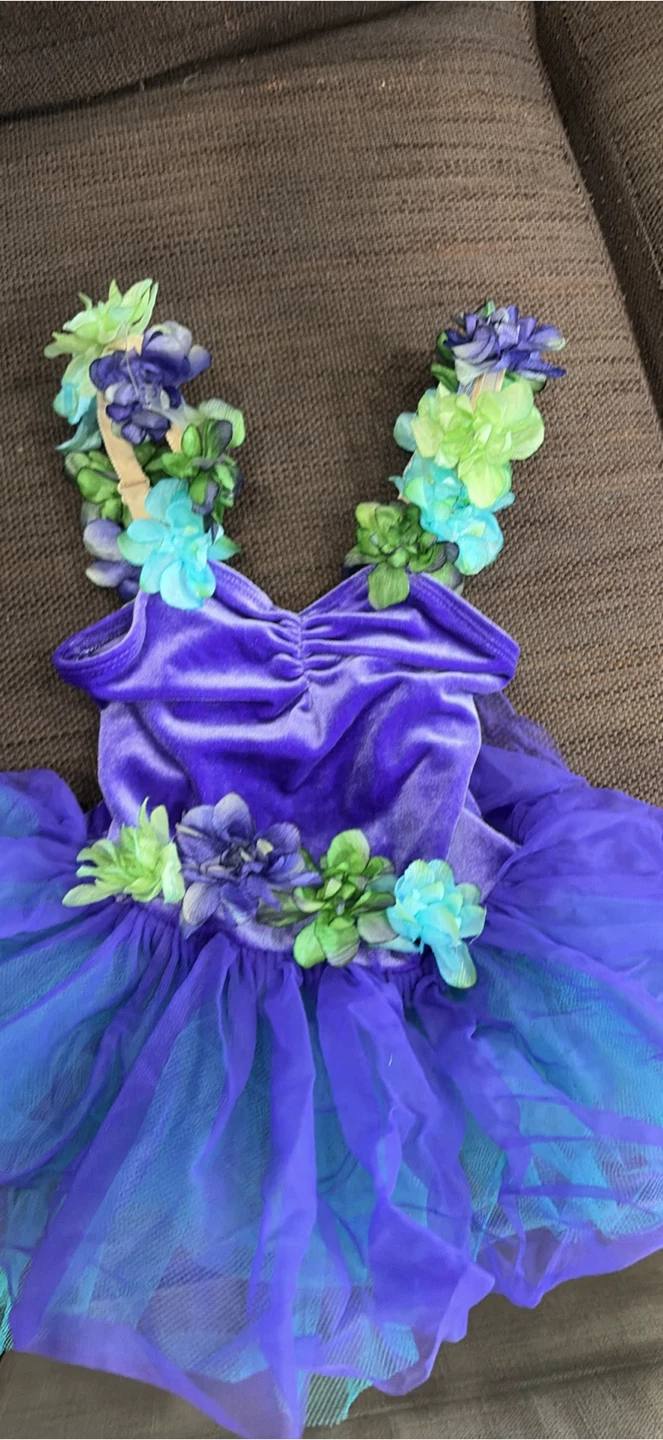 Purple and Teal Floral Tutu Dress - photo 2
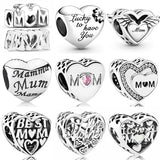 925 Silver Openwork Ings & Mum Heart Bead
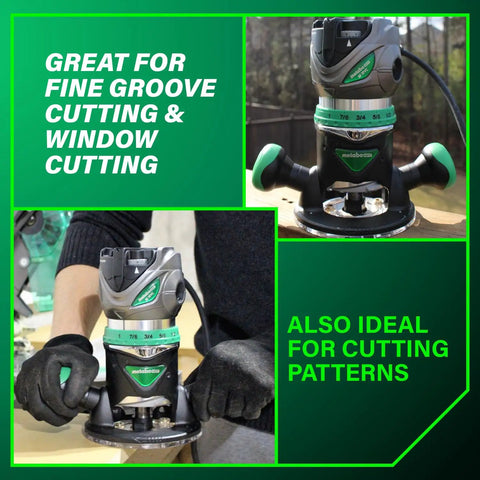 Person using Fixed Base Router Built For Pros with 11 Amp Variable Speed Power and Two and One Quarter Peak HP for precise cuts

################

## TASK
In the printed copy, the material above must appear unchanged and without its pictures.

## ANSWER BOX
 Purple and Teal Floral Tutu Dress - photo 2
 925 Silver Openwork Ings & Mum Heart Bead
 Person using Fixed Base Router Built For Pros with 11 Amp Variable Speed Power and Two and One Quarter Peak HP for precise cuts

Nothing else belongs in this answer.